● Task details: Copy exactly the lines from the one containing "Couverture Horseware Amgio" through the last line of the records, both included, and nothing more.

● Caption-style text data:
┄┄┄┄┄┄┄┄┄┄┄┄┄┄┄┄┄┄┄┄

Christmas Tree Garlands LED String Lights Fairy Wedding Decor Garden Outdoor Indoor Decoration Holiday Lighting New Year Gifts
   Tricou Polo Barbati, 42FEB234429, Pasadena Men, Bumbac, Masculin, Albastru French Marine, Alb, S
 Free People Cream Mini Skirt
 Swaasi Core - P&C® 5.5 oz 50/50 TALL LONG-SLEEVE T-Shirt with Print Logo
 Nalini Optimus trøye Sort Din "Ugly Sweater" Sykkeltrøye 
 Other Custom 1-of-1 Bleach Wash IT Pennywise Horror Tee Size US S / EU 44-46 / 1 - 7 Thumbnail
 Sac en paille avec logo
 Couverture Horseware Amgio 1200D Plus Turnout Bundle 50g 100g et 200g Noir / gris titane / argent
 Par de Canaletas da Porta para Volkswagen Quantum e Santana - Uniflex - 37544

┄┄┄┄┄┄┄┄┄┄┄┄┄┄┄┄┄┄┄┄

● Result of the task:
 Couverture Horseware Amgio 1200D Plus Turnout Bundle 50g 100g et 200g Noir / gris titane / argent
 Par de Canaletas da Porta para Volkswagen Quantum e Santana - Uniflex - 37544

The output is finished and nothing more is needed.